Varna, Ashram, Purusharth and Sanskar Vyavastha
The Hindu social system is structured by the underlying code of religion. This code is reflected through the basic principle of Varna- Ashrama-Dharma. While Varna deals with the division of society, Ashrama deals with the nature of training and living in four stages of life. Together they propound a system referred to as varna ashrama – vyavastha.
Theory of Purusharth
Purushartha is a Sanskrit word meaning the “object of human pursuit” or “goals of man. It refers to the four proper goals or aims of a human life. Purushartha comprises the concepts of dharma, artha, kama and moksha.
- Dharma is honest and upright conduct or righteous action.
- Artha means a righteous and honest pursuit of economic activities.
- Kama is the fulfillment of one’s normal desires.
- Moksha is liberation, that is absorption of the self into eternal bliss.
Depending upon one’s deeds (karma) one is able to reach the stage of moksha or liberation. The stage of moksha or liberation is a term for describing the end of the cycle of birth and rebirth. The cycle of birth and rebirth is known as samsara. Moksha is considered to be the ultimate goal for any human.

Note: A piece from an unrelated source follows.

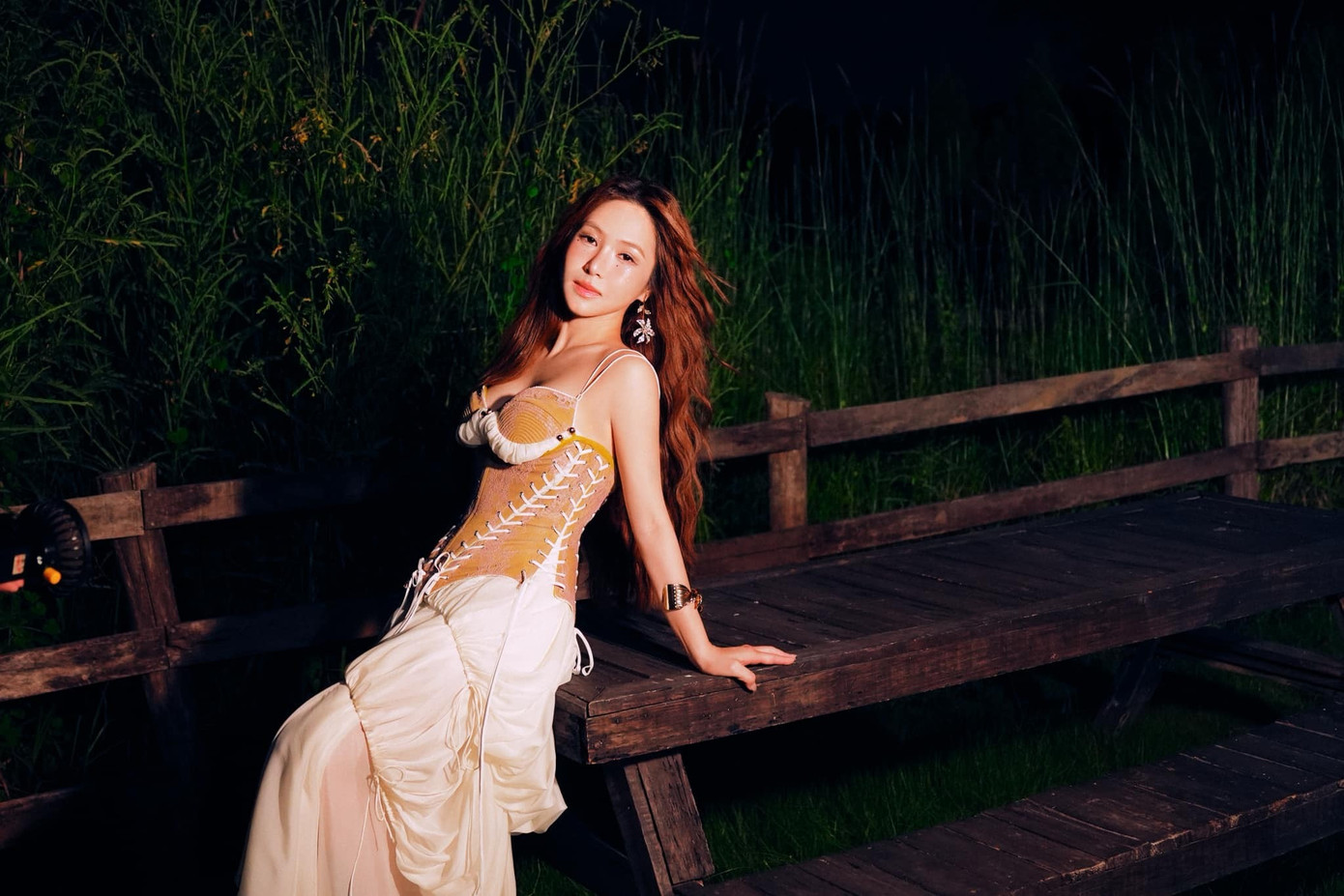 Cú tái xuất chưa bùng nổ của Hương Tràm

After this, Dharma takes priority over Artha or Kama.
These four goals can be seen in the context of the four stages of life (Ashrama), with each one relating to a different stage and the goals associated with it.
The ‘ashrama’ are regarded as resting places (stages) during one’s journey on the way to final liberation, which is the ultimate aim of life . The ashramas are four in number:
- Concerns stage of student
- In the ancient ages the pupil had to live with his teacher and through dialogue got to the tenets of teachings and this stage of learning was known Brahmacharyasrama.

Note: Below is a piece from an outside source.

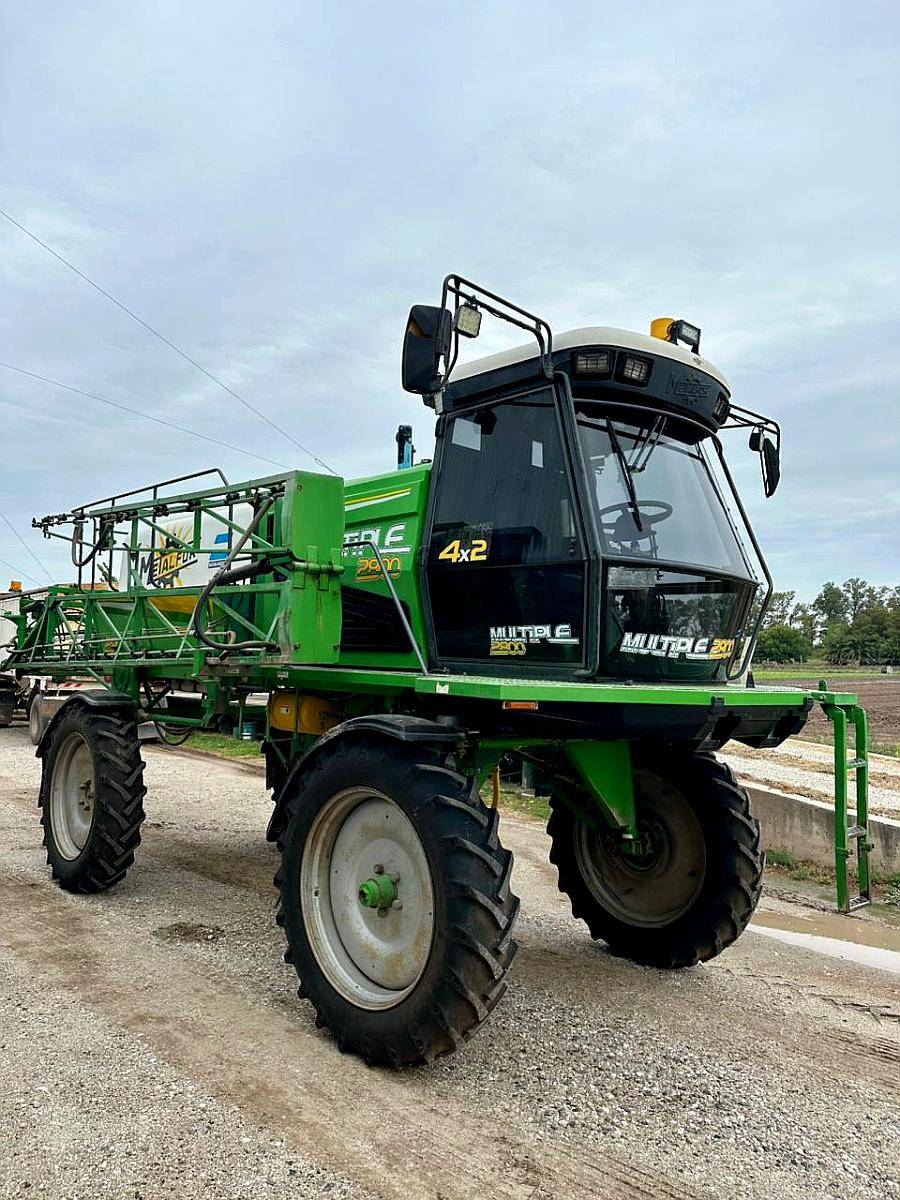 Pulverizadora Metalfor 2800 - año 2004 - 22m C/ Piloto Aut.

- In this phase, one acquires the knowledge of Dharma (the first purushartha).
- Stage of married man, the house- holder
- During this Ashrama, one pursues Artha (wealth, the second purushartha) and Kama (legitimate desires, the third purushartha).
- Stage that of a retired life in the forest after abandoning the home, preparatory to complete renouncement of worldly relations.

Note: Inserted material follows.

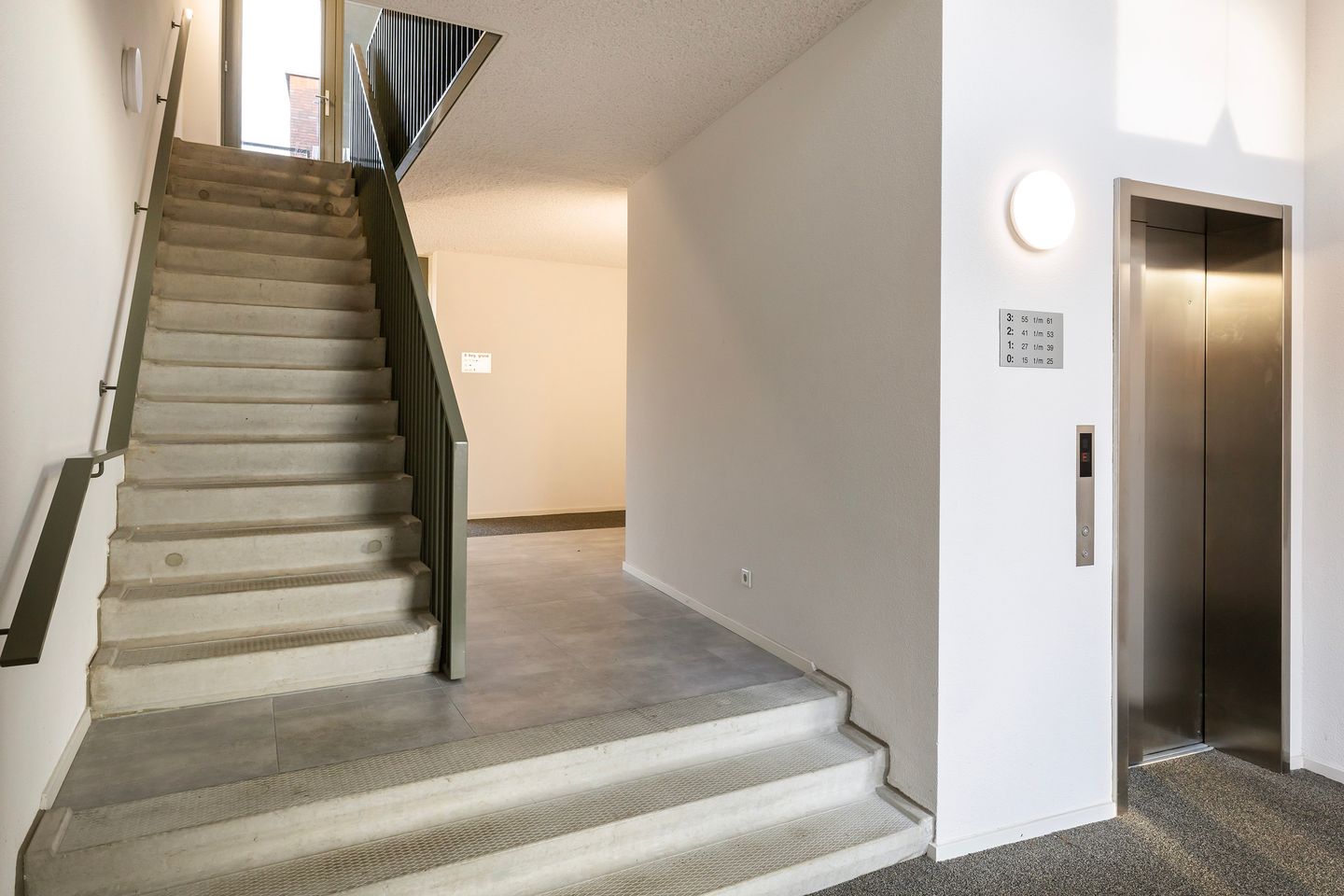 Foto 14 van Nederhemertstraat 35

- The individual now gives up his fields of artha and kama by leaving his near and dear ones, his family (kula), his village (grama) and by abandoning his belongings and possession.
- This is the time to pre-occupy oneself with the fourth purushartha, Moksha.
( 4) Sanyasa
- Complete renunciation of worldly relations and attachments.
- In the last stage, the individual free from all obligation , has to help himself in the search of the true knowledge and being of the self.
- An Individual brings himself face to face with the final aim of all existence, namely moksha in the last stage.
Varna is the four divisions of society on the basis of labour and inheritance. There are several passages in the Rig Veda dealing with the origin of the varnas, generally meaning socio-religious classes and effectively signifying economic and political status also . The Purusasukta in the Rig Veda (x, 90, 12) says that:
- the Brahman varna represented the mouth of Purusa (Universal man),
- the Rajana (Kshatriya) his arms,
- the Vaishya his thighs,
- the Shudra his feet.
During the Vedic period, the institution of Varna was a system of division of labor and was not herediary (like caste system). There were no restrictions as regards particular occupations for persons belonging to a particular varna . Thus a person born as a Brahmana could take the occupation of a physician without thereby anyway degrading his social status. Example: A Brahmana Rishi says: ” I am a poet, my father is a physician, my mother a grinder of corn. With our different views, seeking after gain, we ran after cattle. Food and drink was also usual & common to all the varnas.
In the post-Vedic period, the varna division is described in the Dharmashastra literature, the Mahabharata and in the Puranas. During this time, caste percolates into varna system and varna system acquires features of caste. Inter-dining and inter-marriages between different castes were precluded, the division of labor becomes hereditary. The first three varnas are described in the Dharmasastras as “twice born” and they are allowed to study the Vedas. Such a restriction of who can study Vedas is not found in the Vedic era literature.